Albuquerque Journal

GET CRACKING WITH FESTIVE CASCARONES

Colorfully decorated cascarones a New Mexico Easter egg tradition

- BY ELAINE D. BRISEÑO JOURNAL STAFF WRITER

Eggs filled with confetti are broken over a person’s head in New Mexico to celebrate the end of Lent.

Being a New Mexican at Easter time might translate into a scalp full of confetti.

The Easter season across the nation brings religious devotion, the hunt for colored eggs, family gatherings and good food, but there’s another tradition New Mexicans have embraced since the 1800s.

As New Mexican families sit down to decorate hard-boiled eggs for the big hunt on Easter Sunday, they practice another tradition. They paint and decorate empty eggshells, refill them with confetti and seal them up with tape or tissue paper.

The confetti-filled eggs are known as cascarones, and come Easter Sunday or soon after, those eggs get cracked over the heads of some suspecting, or maybe not so suspecting, family members and friends. The word “cascaron” comes from the Spanish word “cascara,” which means eggshell.

“People will start saving cascarones (eggshells) early before the Lenten season,” said retired professor Juan López. “Then the family will gather a week or two before Easter with the kids to decorate them.”

Lopez grew up in the former mining town of Santa Rita, N.M., near Silver City. His family practiced the tradition when he was child growing up there. The mine’s expansion gobbled up the small town but not his family tradition. Lopez has passed it on to his own children and grandchild­ren and even wrote and self-published a book about the tradition.

The idea of emptying an egg and filling it with something else started in Asia, where the eggs were filled with perfumed powder. Explorer Marco Polo took the custom to Italy. The tradition eventually spread to Spain and finally Mexico in the mid-1800s.

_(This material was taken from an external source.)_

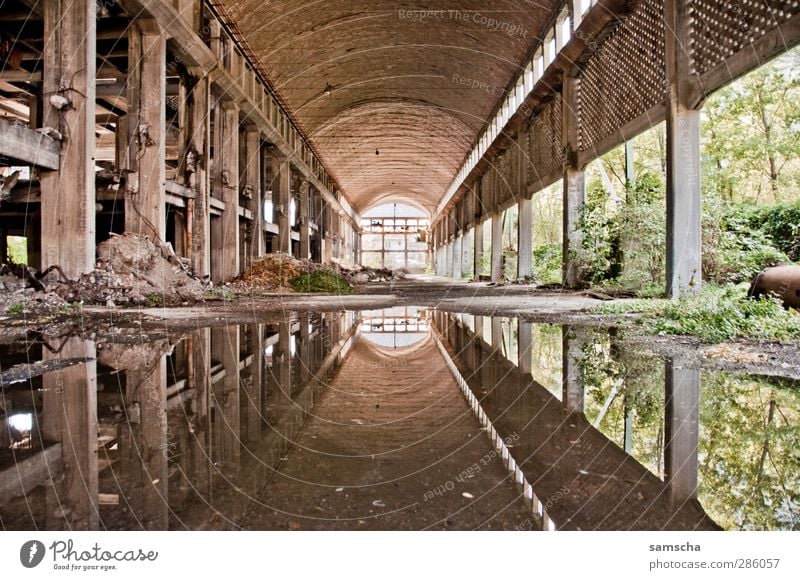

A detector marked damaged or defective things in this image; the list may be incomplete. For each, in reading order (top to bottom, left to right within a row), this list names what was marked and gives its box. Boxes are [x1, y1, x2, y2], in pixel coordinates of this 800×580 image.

The practice came to New Mexico with travelers using El Camino Real

Historic Trail, according former TV reporter Carla Aragón, who wrote a children’s book on the subject in 2010 called “Dance of the Eggshells (Baile de los Cascarones).” Aragón, who is from Santa Fe, celebrated the tradition with her family as a child but their celebratio­n had an added component — a dance.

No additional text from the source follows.